While we anticipate the next exciting episode of the new hit show Where Goes Jozy?, I'll make the wait bearable by posting one of those non-soccer Top 5'ers I often promise and then forget - complete with a star-spangled theme. There's a couple more of these lists also ready, but let's save something for another wait-y day.
I'm not the only one. Some may find me on the Eurosnob-ish side (I love my bicycle and don't care who knows it), but we all often sit around enjoying the sublime virtues of the things originated over here that practically litter our lives. Americans may seem stubborn at times (in good and bad ways), but don't be fooled.
Pizza and croissants, beer and wine, cars and clothes, Cat Deeley and Simon Cowell... Europe's everywhere in America, we could go on for days. Adding in that much of the United States is made up of bloodlines that started there, it should be no surprise we also want their longer vacations.
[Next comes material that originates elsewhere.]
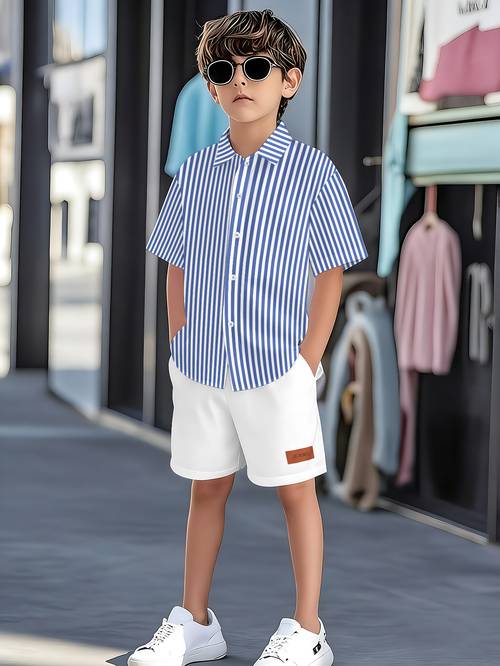 casual and fashionable cool vacation beach seaside and sporty style loose comfortable short sleeve shirt and shorts set with tropical plant patterns young boys outdoor for teenager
And even though lots of cool stuff and people are imports, let's not forget our relatively young country does actually often know unquestionably better about certain things. But I'm not going obvious, such as with something like burgers or badass goalies. Instead, this list will present five golden peculiarities that
prove it, ranked by level of real life annoyance for ex-pats missing
#5 - Cheddar, yo.
The English version tastes like nothing. It's that simple. Every time I cook or go out to get Mexican food, the taste buds are left screaming something about Wisconsin. Sharpen it up, Europe, we know you like strong cheeses.
You had to know one of these was going to be a food item. But if you think this isn't a big deal, try living without proper enchiladas. I dare you.
#4 - Water and refills come gratis at restaurants.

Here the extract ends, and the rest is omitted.